• _EXERCISE BRIEF_: Repeat the span of the entries below that starts at the line with "Main image of" and ends at the line with "Flair Rattan Leather Dining Chair", nothing more. Skip the pictures.

• _RAW DATA_:
BEGIN

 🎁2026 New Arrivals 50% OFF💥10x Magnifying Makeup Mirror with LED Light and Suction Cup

END
BEGIN

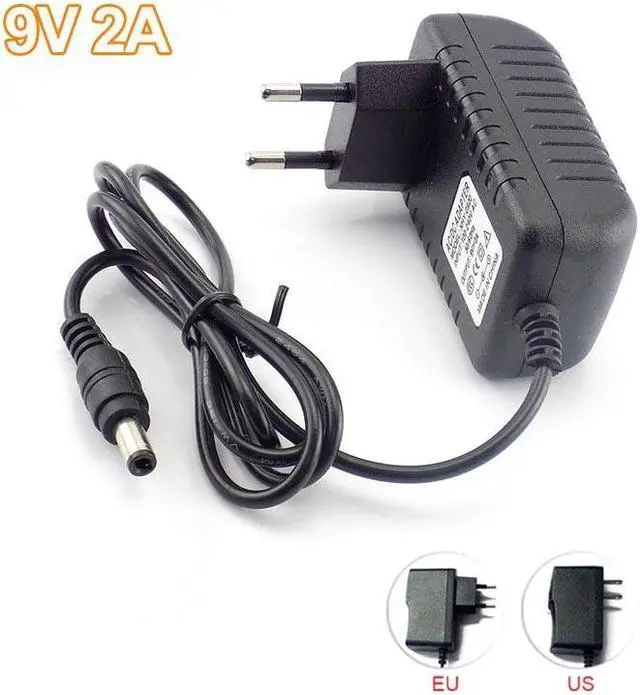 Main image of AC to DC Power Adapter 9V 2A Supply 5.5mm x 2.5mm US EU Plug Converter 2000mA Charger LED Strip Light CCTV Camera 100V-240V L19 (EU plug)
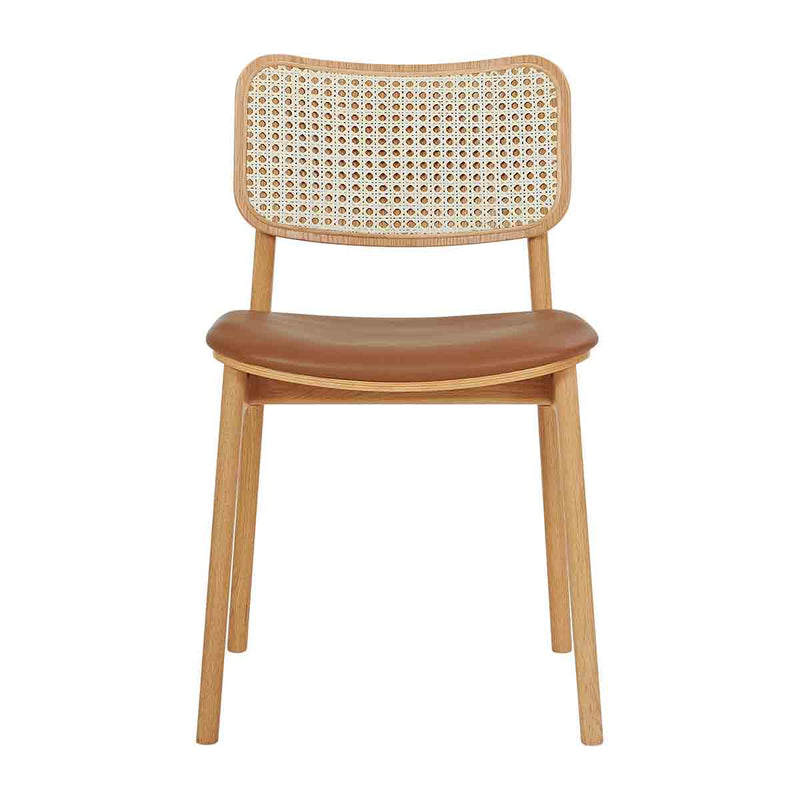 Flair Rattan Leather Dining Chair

END

• _OUTPUT_:
 Main image of AC to DC Power Adapter 9V 2A Supply 5.5mm x 2.5mm US EU Plug Converter 2000mA Charger LED Strip Light CCTV Camera 100V-240V L19 (EU plug)
 Flair Rattan Leather Dining Chair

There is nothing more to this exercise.